* YOUR GOAL
Without including any image, retype the records word for word.

* EXTRACTED MATERIAL
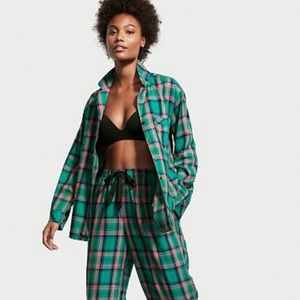Victoria’s Secret long flannel PJs set size XXL. Perfect for Christmas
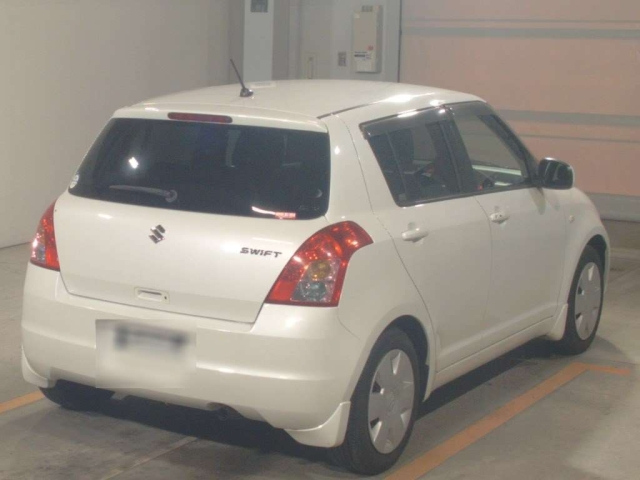 SUZUKI SWIFT 2010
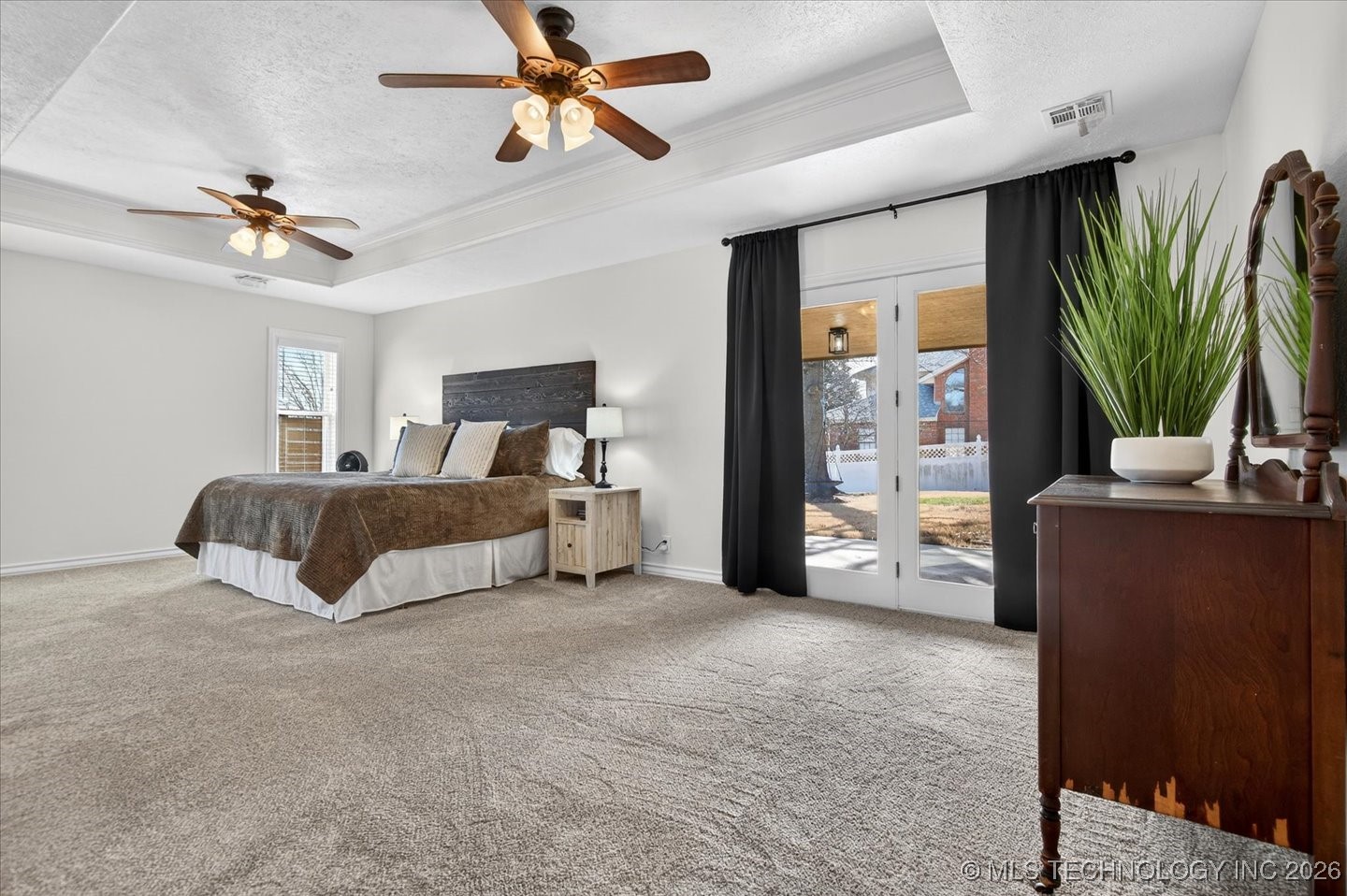 2924 Claremont Drive Property Photo 21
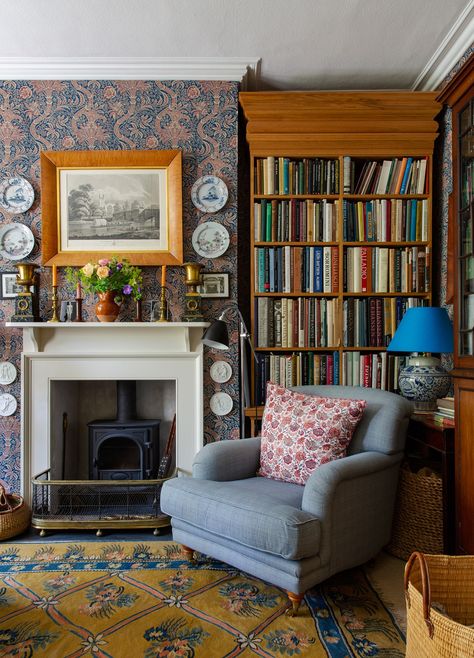 Snug Room, Casa Vintage, Brown Furniture, London House, Spare Bedroom, Architect House, A Living Room, Home Library, Terrace House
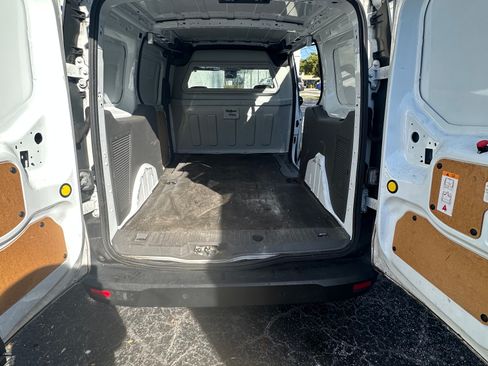 Used 2019 Ford Transit Connect XL image 8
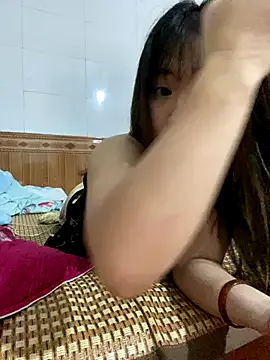 roouse – webcam model profile photo Image 9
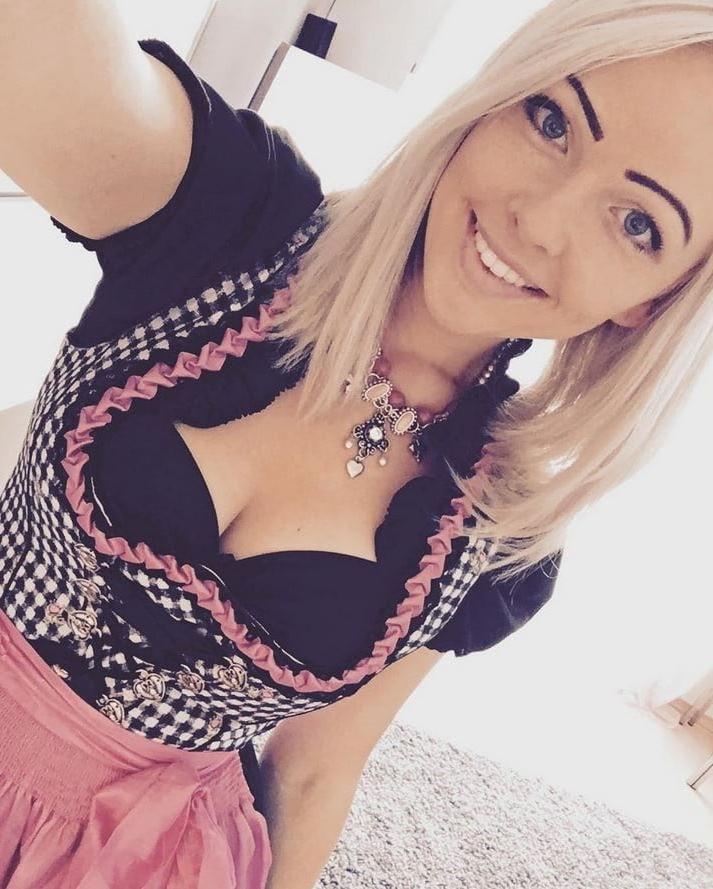 20P Sexy Dirndl Girls 372
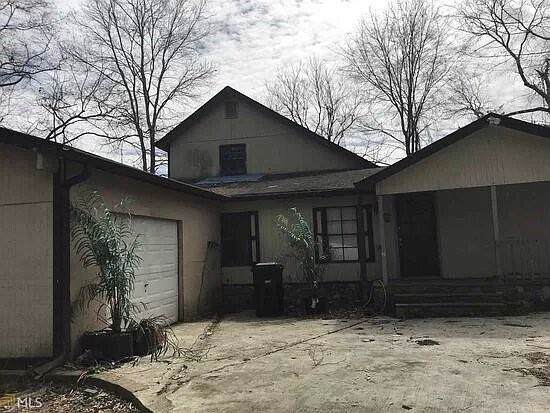 2347 Oakdale Road - Photo 1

* TASK OUTPUT
Victoria’s Secret long flannel PJs set size XXL. Perfect for Christmas
 SUZUKI SWIFT 2010
 2924 Claremont Drive Property Photo 21
 Snug Room, Casa Vintage, Brown Furniture, London House, Spare Bedroom, Architect House, A Living Room, Home Library, Terrace House
 Used 2019 Ford Transit Connect XL image 8
 roouse – webcam model profile photo Image 9
 20P Sexy Dirndl Girls 372
 2347 Oakdale Road - Photo 1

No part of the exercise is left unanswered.